Default Embedding Functions (Onnxruntime)

To use the default embedding functions with GPU support, you need to install onnxruntime-gpu package. You can install it with the following command:

  1. pip install onnxruntime-gpu

Note: To ensure no conflicts, you can uninstall onnxruntime (e.g. pip uninstall onnxruntime) in a separate environment.

List available providers:

  1. import onnxruntime
  2. print(onnxruntime.get_available_providers())

Select the desired provider and set it as preferred before using the embedding functions (in the below example, we use CUDAExecutionProvider):

  1. import time
  2. from chromadb.utils.embedding_functions import ONNXMiniLM_L6_V2
  3. ef = ONNXMiniLM_L6_V2(preferred_providers=['CUDAExecutionProvider'])
  4. docs = []
  5. for i in range(1000):
  6. docs.append(f"this is a document with id {i}")
  7. start_time = time.perf_counter()
  8. embeddings = ef(docs)
  9. end_time = time.perf_counter()
  10. print(f"Elapsed time: {end_time - start_time} seconds")

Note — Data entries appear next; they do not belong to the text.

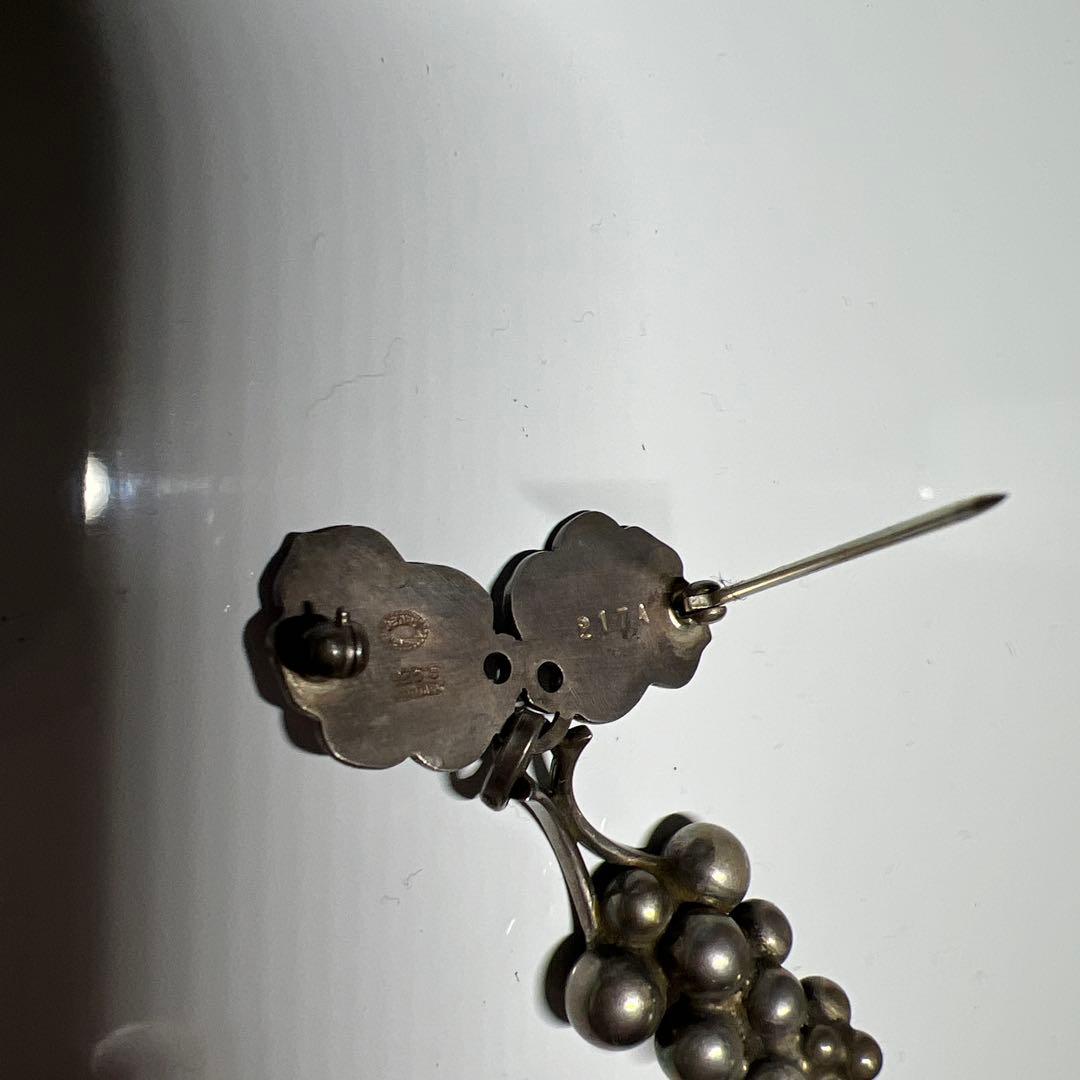 ジョージジェンセンの1992年イヤーペンダントでラピスラズリが使われ。￼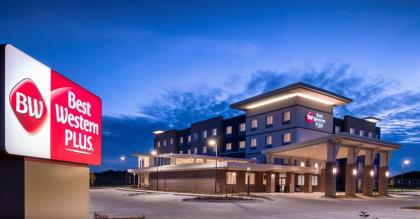 Best Western Plus West Lawrence - image 1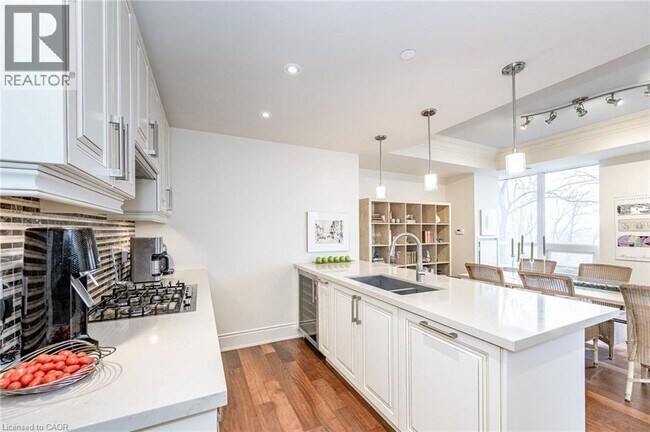 Photo - 3500 Lakeshore Rd W Unit 503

IMPORTANT OBSERVATION: Our observations are that for GPU support using sentence transformers with model all-MiniLM-L6-v2 outperforms onnxruntime with GPU support. In practical terms on a Colab T4 GPU, the onnxruntime example above runs for about 100s whereas the equivalent sentence transformers example runs for about 1.8s.

Sentence Transformers

  1. import time
  2. from chromadb.utils.embedding_functions import SentenceTransformerEmbeddingFunction
  3. # This will download the model to your machine and set it up for GPU support
  4. ef = SentenceTransformerEmbeddingFunction(model_name="thenlper/gte-small", device="cuda")
  5. # Test with 10k documents
  6. docs = []
  7. for i in range(10000):
  8. docs.append(f"this is a document with id {i}")
  9. start_time = time.perf_counter()
  10. embeddings = ef(docs)
  11. end_time = time.perf_counter()
  12. print(f"Elapsed time: {end_time - start_time} seconds")

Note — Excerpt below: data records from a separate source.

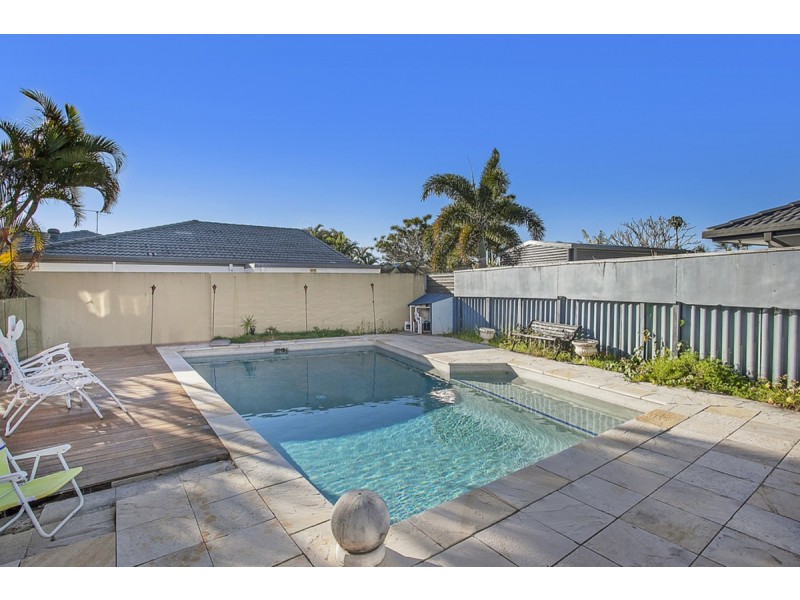 63 Burleigh Street, Burleigh Waters QLD 4220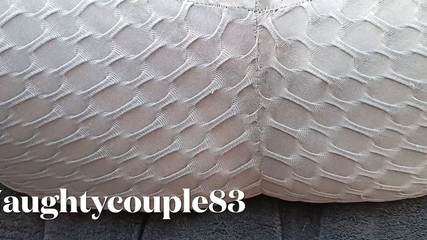 Naughtycouple83: Nadržená mokrá milfka stříká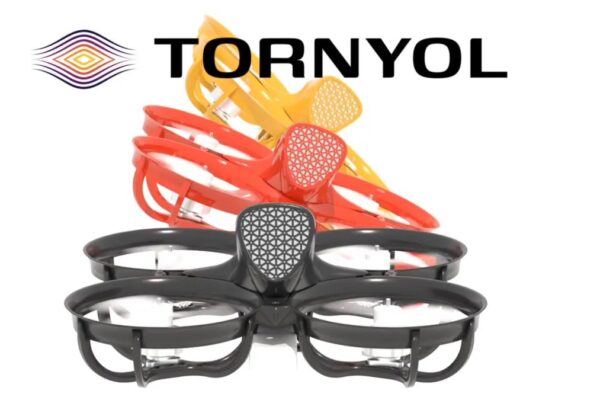 Sivrisinek avcısı dron, kan emicileri parçalara ayırıyor.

Note: You can run the above example in google Colab - see the notebook

OpenCLIP

Prior to PR #1806, we simply used the torch package to load the model and run it on the GPU.

  1. import chromadb
  2. from chromadb.utils.embedding_functions import OpenCLIPEmbeddingFunction
  3. from chromadb.utils.data_loaders import ImageLoader
  4. import toch
  5. import os
  6. IMAGE_FOLDER = "images"
  7. toch.device("cuda")
  8. embedding_function = OpenCLIPEmbeddingFunction()
  9. image_loader = ImageLoader()
  10. client = chromadb.PersistentClient(path="my_local_data")
  11. collection = client.create_collection(
  12. name='multimodal_collection',
  13. embedding_function=embedding_function,
  14. data_loader=image_loader)
  15. image_uris = sorted([os.path.join(IMAGE_FOLDER, image_name) for image_name in os.listdir(IMAGE_FOLDER)])
  16. ids = [str(i) for i in range(len(image_uris))]
  17. collection.add(ids=ids, uris=image_uris)

After PR #1806:

  1. from chromadb.utils.embedding_functions import OpenCLIPEmbeddingFunction
  2. embedding_function = OpenCLIPEmbeddingFunction(device="cuda")

March 4, 2024